La corsa trentina (vinta nel 2019 da Pavel Sivakov, in apertura sul podio con Tao Geoghegan Hart e Nibali) ha provato un passo in più, introducendo gli Hotspot: un sistema di monitoraggio e segnalazione degli ostacoli sul percorso. E la notizia che inizialmente era arrivata tramite un comunicato è diventata motivo di approfondimento con Maurizio Evangelista, General Manager della prova e collega giornalista.
Maurizio, come mai questo passo in avanti?
Una delle cose che caratterizza questa corsa è il fatto di avere una struttura tecnica solida. Persone capaci e competenti che partecipano tutto l’anno e non si limitano ad arrivare il giorno prima e andarsene il giorno dopo. Gente che effettua cinque sopralluoghi ed è parte attiva in tutta l’attività di costruzione della prova, permettendoci di avere un bel confronto su quali aspetti sviluppare. Detto questo, non abbiamo mai avuto un problema sicurezza, per il clima sereno delle nostre zone, per lo stato delle strade e perché i tanti sopralluoghi ci permettono di avere chiare le criticità. Però non si deve dare nulla per scontato.
Cosa si dà per scontato?
Ci siamo accorti, semplicemente osservando quello che accade in giro, che tante situazioni di pericolo vengono gestite sperando nella divina provvidenza e nell’abilità dei corridori. Parlo ad esempio di cadute contro gli spartitraffico, di transenne di poco valore e ad esempio del motociclista del Fiandre, quello di Alaphilippe, che era a sua volta il giudice in corsa. Perciò abbiamo convocato la nostra struttura tecnica e ci siamo chiesti che cosa si possa fare per migliorare quello che già facciamo.
Nascono così gli Hotspot?
Ci saranno 3-4 punti per ogni tappa, che saranno segnalati con più attenzione e l’uso di una segnaletica creata ad hoc. Magari sembreranno cose banali, perché lo spartitraffico sta lì e non puoi spostarlo. Ma se sta alla fine di una discesa e dietro una curva, ad esempio, credo che al corridore faccia piacere saperlo.
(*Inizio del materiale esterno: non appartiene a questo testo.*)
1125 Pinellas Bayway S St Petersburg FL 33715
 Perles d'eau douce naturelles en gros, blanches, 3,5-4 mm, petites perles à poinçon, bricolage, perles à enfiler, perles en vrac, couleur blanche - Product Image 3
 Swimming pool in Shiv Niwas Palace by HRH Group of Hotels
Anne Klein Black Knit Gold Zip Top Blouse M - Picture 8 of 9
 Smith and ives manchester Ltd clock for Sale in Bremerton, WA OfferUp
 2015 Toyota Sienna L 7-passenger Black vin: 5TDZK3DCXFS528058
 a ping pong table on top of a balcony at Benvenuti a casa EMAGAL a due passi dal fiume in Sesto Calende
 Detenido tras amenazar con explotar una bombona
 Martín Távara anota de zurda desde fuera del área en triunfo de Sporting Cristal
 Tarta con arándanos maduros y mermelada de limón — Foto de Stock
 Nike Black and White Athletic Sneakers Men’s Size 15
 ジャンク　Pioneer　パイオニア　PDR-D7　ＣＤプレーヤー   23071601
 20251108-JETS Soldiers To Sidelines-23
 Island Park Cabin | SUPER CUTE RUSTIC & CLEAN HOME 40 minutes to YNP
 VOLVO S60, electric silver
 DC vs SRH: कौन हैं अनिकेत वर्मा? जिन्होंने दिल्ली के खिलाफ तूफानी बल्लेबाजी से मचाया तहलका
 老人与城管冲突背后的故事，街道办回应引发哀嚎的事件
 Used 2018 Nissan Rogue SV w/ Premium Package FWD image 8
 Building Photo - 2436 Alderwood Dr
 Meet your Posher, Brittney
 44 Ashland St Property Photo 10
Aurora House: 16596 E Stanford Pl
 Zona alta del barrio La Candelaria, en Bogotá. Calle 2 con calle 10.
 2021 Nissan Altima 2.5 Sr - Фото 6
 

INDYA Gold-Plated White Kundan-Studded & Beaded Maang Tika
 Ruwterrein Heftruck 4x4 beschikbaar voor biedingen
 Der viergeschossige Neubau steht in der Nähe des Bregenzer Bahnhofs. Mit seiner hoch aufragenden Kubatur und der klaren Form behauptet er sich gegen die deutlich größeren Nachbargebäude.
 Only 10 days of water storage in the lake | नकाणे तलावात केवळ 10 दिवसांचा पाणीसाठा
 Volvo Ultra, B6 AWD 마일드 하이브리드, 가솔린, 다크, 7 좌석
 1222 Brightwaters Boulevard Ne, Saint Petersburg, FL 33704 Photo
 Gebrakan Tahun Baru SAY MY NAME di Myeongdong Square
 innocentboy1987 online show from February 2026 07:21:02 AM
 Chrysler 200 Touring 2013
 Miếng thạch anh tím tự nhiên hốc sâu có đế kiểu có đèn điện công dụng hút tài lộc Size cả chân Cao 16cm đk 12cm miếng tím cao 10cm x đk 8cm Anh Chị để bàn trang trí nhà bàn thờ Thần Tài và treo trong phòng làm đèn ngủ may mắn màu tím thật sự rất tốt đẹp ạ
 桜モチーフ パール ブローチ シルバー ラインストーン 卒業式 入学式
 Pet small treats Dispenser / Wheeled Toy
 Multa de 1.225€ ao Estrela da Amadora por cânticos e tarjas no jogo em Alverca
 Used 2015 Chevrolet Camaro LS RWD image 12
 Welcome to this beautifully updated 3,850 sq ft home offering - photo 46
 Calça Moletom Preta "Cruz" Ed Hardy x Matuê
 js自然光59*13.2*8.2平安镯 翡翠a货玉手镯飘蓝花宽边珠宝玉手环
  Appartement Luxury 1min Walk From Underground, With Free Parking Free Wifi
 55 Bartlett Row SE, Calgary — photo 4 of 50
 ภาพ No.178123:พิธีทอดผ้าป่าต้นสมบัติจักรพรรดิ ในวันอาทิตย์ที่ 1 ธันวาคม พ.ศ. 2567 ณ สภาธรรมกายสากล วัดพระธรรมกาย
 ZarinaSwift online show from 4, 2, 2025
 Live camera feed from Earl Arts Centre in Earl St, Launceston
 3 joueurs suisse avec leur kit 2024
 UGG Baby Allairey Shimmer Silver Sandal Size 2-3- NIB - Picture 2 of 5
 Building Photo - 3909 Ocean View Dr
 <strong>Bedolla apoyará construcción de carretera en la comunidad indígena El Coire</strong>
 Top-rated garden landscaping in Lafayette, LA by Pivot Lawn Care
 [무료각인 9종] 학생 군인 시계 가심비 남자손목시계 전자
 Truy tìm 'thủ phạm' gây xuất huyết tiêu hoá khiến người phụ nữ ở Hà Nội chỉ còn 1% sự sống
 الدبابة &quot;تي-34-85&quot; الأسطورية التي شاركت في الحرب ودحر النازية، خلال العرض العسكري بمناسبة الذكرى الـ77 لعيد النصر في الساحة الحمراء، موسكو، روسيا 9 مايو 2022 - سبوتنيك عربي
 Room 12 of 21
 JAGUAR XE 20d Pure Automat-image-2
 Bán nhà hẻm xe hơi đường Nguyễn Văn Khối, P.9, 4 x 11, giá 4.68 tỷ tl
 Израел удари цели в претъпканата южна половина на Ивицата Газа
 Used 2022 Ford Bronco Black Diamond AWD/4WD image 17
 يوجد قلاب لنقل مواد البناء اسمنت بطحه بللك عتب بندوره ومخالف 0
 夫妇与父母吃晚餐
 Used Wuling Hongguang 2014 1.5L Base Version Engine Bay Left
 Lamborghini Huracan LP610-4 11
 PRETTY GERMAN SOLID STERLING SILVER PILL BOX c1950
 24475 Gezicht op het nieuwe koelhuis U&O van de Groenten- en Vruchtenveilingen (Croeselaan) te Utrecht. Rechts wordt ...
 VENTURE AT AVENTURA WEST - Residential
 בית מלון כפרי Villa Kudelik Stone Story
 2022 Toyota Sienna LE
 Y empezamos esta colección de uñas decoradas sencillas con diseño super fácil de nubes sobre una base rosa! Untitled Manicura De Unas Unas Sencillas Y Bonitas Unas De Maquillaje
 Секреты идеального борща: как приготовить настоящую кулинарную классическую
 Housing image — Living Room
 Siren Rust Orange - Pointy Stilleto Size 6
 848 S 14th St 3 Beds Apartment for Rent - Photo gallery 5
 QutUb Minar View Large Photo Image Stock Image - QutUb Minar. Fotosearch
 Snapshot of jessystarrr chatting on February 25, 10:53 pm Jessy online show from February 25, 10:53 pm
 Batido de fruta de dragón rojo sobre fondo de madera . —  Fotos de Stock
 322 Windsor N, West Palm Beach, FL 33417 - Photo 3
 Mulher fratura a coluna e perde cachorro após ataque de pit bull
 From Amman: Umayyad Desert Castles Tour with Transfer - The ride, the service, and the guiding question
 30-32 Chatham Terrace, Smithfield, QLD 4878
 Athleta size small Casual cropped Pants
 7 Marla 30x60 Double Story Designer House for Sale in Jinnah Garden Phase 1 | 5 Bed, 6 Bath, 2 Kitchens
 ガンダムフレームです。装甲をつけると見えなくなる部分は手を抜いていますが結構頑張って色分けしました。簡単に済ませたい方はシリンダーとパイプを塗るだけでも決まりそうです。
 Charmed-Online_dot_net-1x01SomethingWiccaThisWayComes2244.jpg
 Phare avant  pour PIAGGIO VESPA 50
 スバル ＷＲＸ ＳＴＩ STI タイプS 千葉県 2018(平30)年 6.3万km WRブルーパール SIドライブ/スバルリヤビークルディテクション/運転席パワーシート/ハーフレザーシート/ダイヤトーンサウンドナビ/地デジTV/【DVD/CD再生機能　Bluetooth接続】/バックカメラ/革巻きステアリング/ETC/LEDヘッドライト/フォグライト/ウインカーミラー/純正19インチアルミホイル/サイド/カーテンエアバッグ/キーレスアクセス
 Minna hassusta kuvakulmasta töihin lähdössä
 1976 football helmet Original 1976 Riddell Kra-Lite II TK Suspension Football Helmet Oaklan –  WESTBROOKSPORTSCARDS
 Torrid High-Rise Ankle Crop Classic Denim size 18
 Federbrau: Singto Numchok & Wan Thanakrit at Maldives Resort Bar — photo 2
Bei tempi quando certi ostacoli si potevano spostare…
Una volta si faceva, ma adesso le infrastrutture sono fisse e non si conciliano troppo con le gare di bici. Giusto per una tappa in Austria, abbiamo chiesto e ottenuto che togliessero un’aiuola, ma il resto rimane al suo posto. Tutto questo sarà poi spiegato nel road book, il Garibaldi, la guida tecnica. All’interno ci sarà quello che noi chiamiamo Radar, ossia un approfondimento della tabella di marcia, con il dettaglio di ogni passaggio critico, a disposizione di squadre e addetti ai lavori.
Vi siete mossi in risposta a richieste specifiche?
Nessuno ci ha chiesto niente, anche se a mio avviso i corridori dovrebbero interessarsi e preoccuparsi degli aspetti che più li riguardano da vicino. Se finisci a 90 all’ora contro uno spartitraffico, rischi seriamente di ammazzarti, non devo dirlo io.
Non dovete dirlo, ma in qualche modo lo avete fatto…
Credo che questa corsa si stia mettendo in luce perché prova a trovare una dimensione proiettata verso il futuro e qui si entra in un’altra sfera. Personalmente sono contrario ai chilometraggi eccessivi e al concetto di fatica estrema. E allora credo che il Tour of the Alps, puntando su chilometraggi ridotti e percorsi disegnati nel senso dello spettacolo, possa diventare molto attrattivo. Non è un caso che da noi si ritrovino a combattere sin dal via non solo i gregari, ma anche i leader. L’attenzione alla sicurezza aggiunge un tassello ad una corsa tecnicamente valida e ben integrata fra le montagne fra cui si svolge, diventandone il miglior testimonial.